Standardized Testing, Answer This

In a survey presented by ChildLine entitled “The ChildLine National Exam Stress Survey”, 96% of the 1300 students who participated in the survey felt stress and anxiety towards taking standardized tests. Due to the No Child Left Behind Act of 2002, schools are required to give standardized tests to the students annually on mathematics and language arts. However, standardized tests are an inefficient way to test the knowledge the students learn over the course of the school year. It forces the quality of teaching to decrease monumentally, for teachers are forced to teach students what will be on the standardized tests at a pace that may be displeasing to both the teacher and student. Ultimately, standardized testing should not be the assessment used to test students’ understanding of school topics.

The idea of giving the same test to students nationwide seems beneficial to evaluate a teacher’s teachings as well as the student’s knowledge; however it has its downfalls. Studies have been done by researchers at the Massachusetts Institute of Technology, Harvard University and Brown University in which they tested 1,400 students in the Boston public school system.
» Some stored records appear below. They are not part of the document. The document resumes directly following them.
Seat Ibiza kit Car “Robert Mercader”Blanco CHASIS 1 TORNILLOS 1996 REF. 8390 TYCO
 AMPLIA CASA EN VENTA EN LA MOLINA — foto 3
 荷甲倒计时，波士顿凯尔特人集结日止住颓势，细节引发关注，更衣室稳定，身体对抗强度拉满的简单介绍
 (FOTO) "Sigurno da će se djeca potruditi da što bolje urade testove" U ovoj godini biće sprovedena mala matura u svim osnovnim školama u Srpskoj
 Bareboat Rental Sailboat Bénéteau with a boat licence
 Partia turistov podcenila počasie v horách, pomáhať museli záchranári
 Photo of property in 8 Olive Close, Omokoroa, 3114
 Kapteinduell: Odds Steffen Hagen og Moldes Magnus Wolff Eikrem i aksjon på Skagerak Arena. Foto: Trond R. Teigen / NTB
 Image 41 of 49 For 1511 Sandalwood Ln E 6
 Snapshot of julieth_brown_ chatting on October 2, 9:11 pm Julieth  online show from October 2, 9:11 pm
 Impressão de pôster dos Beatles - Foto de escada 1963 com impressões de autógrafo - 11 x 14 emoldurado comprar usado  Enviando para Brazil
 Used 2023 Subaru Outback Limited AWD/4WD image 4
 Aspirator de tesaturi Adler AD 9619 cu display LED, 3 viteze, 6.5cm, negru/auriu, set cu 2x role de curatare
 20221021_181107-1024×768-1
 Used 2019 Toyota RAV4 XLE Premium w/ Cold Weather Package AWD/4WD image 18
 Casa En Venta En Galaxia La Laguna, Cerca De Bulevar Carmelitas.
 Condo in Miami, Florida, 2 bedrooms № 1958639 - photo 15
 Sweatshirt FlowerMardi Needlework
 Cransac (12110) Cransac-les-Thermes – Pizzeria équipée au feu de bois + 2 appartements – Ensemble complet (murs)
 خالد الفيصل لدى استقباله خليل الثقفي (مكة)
After analyzing the schools and standardized test scores, the researchers came to the conclusion that although Boston schools were able to raise their students’ test scores on the Massachusetts Comprehensive Assessment System state test, there was no improvement in the students’ “fluid intelligence” or the ability to reason quickly and abstractly. Standardized testing is pushing students to artificially think. They push for students to think in the same way, but in doing this, it destroys students’ creativity. If they were beneficial to students, researchers would see an increase in students’ “fluid intelligence” and not just their test scores.

Although standardized testing may be seen as a way to allow students to see their levels of intelligence and give them a reason to push themselves academically, it is not. Standardized testing causes more harm than good. It creates stress and anxiety within students, as the scores of the tests determine their future. Not all students function well during tests, as they become nervous. Standardized testing does not acknowledge outside factors during the time the test is taken, such as physical, mental, home, and school factors. These conditions should be taken into consideration when the test is graded, but they aren’t; machines are used to grade the tests instead of the people who actually created the test.

It is clear that standardized testing isn’t how students should be analyzed. They are not beneficial to the student or teacher, who are the most important parties involved in the system of standardized testing. The foundation of education is for students to learn about the world around them, not to test whether or not they are able to answer a set of multiple choice questions in an allotted time. Standardized tests are unreliable, and frankly, they should have never been given in the first place.